Homework 3

Due Monday, October 30 at 11:59 PM via Canvas. PDF Format required.

In this part of the assignment, you'll experiment with designing, learning, and evaluating Bayes Nets. Start by downloading the Weka machine learning package. It works across platforms and has the functionality required for the homework. We also highly recommend you consult these helpful tips which run through a couple of examples similar to, but not exactly the same as, the homework exercises.
Complete the steps below and answer the following questions:

(1 point) In the Bayes Net Editor, load the car data set. You can learn more about this data set from its UCI Repository page. Accepting the defaults, learn a Bayes Net for this data set, and save it. The learned Bayes Net will have a specific structure we've talked about in class. What's the name for this kind of Bayes Net?
(1 point) Now, use your domain intuition to design some change to the Bayes Net that you think is reasonable (i.e., adding or deleting edges). Save this network, and include a snapshot and a brief (1-2 sentence) justification for your changes.
(1 point) Now change the defaults in the ``K2'' search algorithm for Bayes Net Learning in order to learn a different Bayes Net structure. Include a snapshot of your learned structure with the assignment, and identify at least one independence assertion that holds for the net in part (a) but not in your learned structure -- or vice-versa.

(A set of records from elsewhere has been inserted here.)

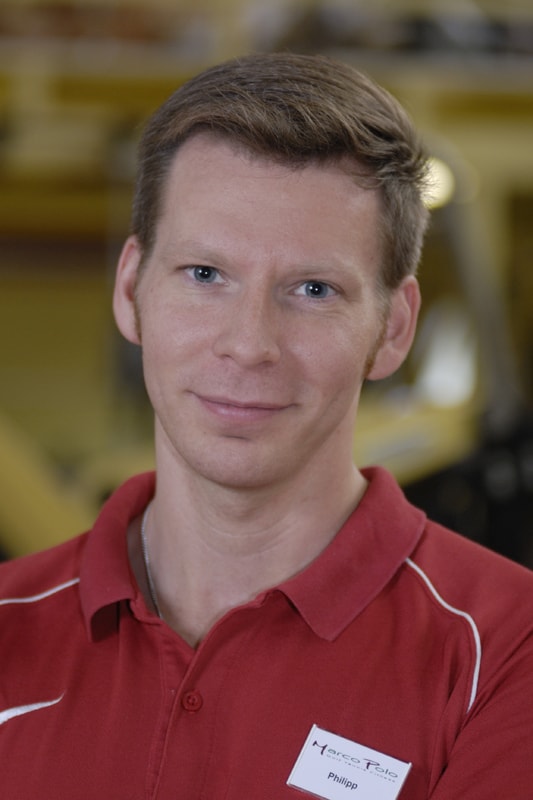 Fitnesstrainer Philipp trägt ein rotes Shirt und lächelt in die Kamera.
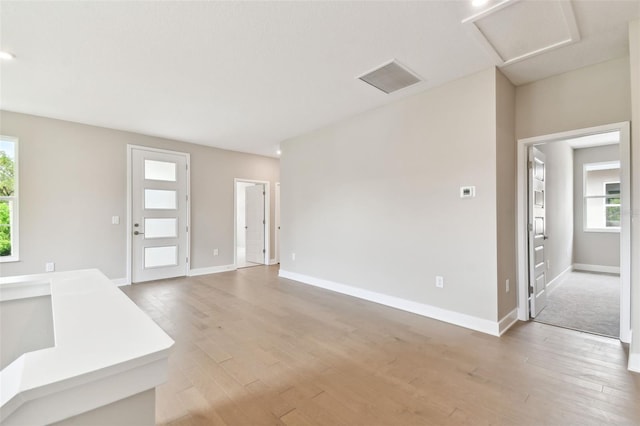 unfurnished living room featuring baseboards, light wood finished floors, visible vents, and attic access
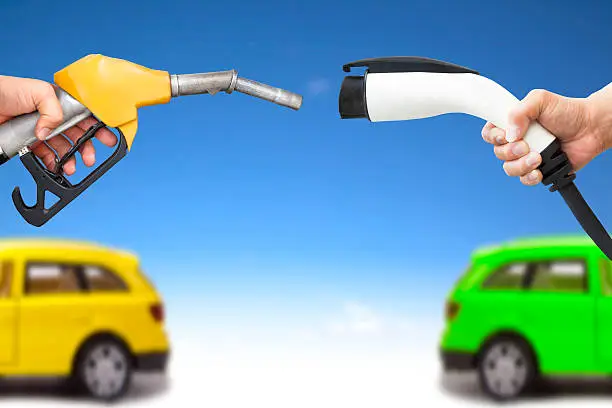 electric car and gasoline car concept. hand holding gas pump and power connector for refuel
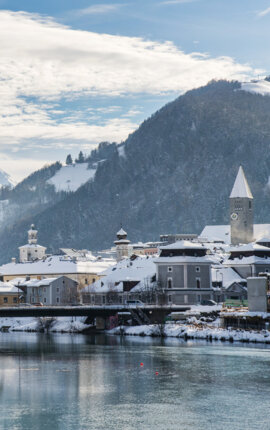 Winterliche Ansicht von Hallein: verschneite Dächer, Kirchturm und Brücke an der Salzach vor schneebedeckten Bergen.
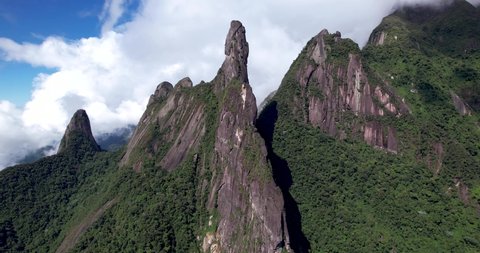 Aerial slow panning panorama landscape of mountain range Serra dos Orgaos in Teresopolis, Rio de Janeiro, Brazil, with God's finger peak in the middle and clouds behind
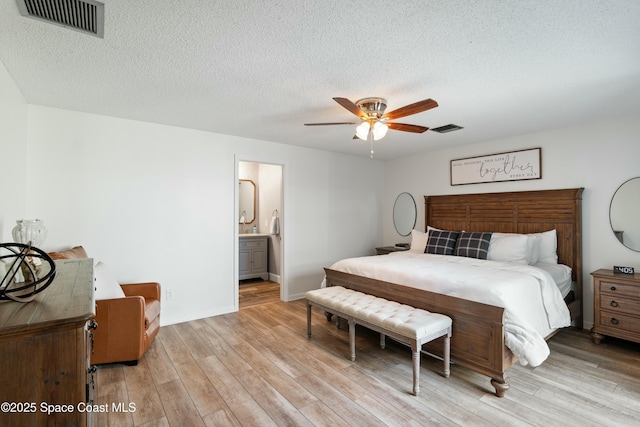 bedroom with light wood-style floors, visible vents, and a textured ceiling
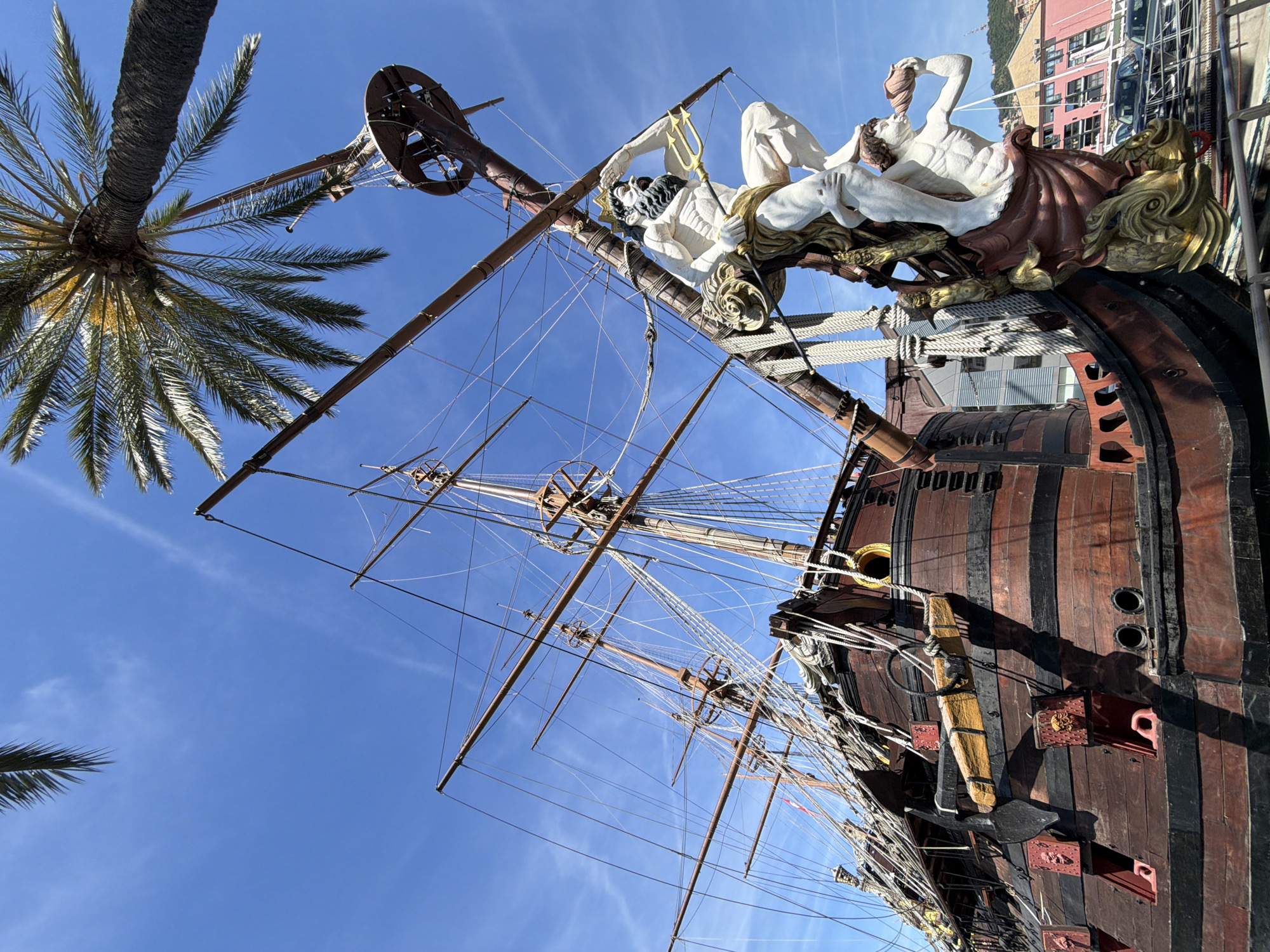 This is a low-angle shot of the Galleon Neptune, a replica of a 17th-century galleon used in Roman Polanski's 1986 film "Pirates". The ship is located in the port of Genoa, Italy. The scene features a clear blue sky with a few wispy clouds. A portion of a palm tree is visible on the left side of the image. The ship's mast and rigging extend upwards, with decorative sculptures near the top of the bow. The hull of the ship is predominantly dark brown with black stripes. Some buildings can be seen in the background.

Now you'll try learning parameters for your networks and evaluating them.

(3 points) In the Weka Explorer, open the car.arff data set. Using Weka's defaults of 10-fold cross validation and the SimpleEstimator, learn CPT parameters and test each of your Bayes Nets from question 1. Include a table that lists the accuracy of each of your Bayes Nets (you don't need to include any CPTs). Compare the accuracy of your nets with that of a "ZeroR" baseline (this classifier comes up as the default when you navigate to the "Classify" tab, and simply predicts the majority class for all test examples).
(1 point) The SimpleEstimator has a default alpha value of 0.5. What value of alpha corresponds to maximum likelihood estimation?
(1 point) You may have found that the Bayes Net learned in part (c) had higher accuracy than the others. However, this network has an "unfair" advantage -- what is it?

Gibbs sampling questions.

(1 point) Consider a small Bayes Net of binary variables with A->B->C. Let P(A=1)=P(B=1 | A=0)=P(B=1 | A=1)=0.5, and P(C=1 | B=1)=P(C=0 | B=0)=1.0. Say you initialize a Gibbs Sampler with A=1, B=0, C=0, and choose to re-sample variable B. What is the probability distribution from which you sample new values for B? Now, from this starting point, say you perform Gibbs sampling on the network in order to estimate P(B) (i.e., there is no evidence). In the long run, what probability will your Gibbs sampler assign to P(B)?
(1 point) The sampler in part (a) has an undesireable behavior. How could you solve this?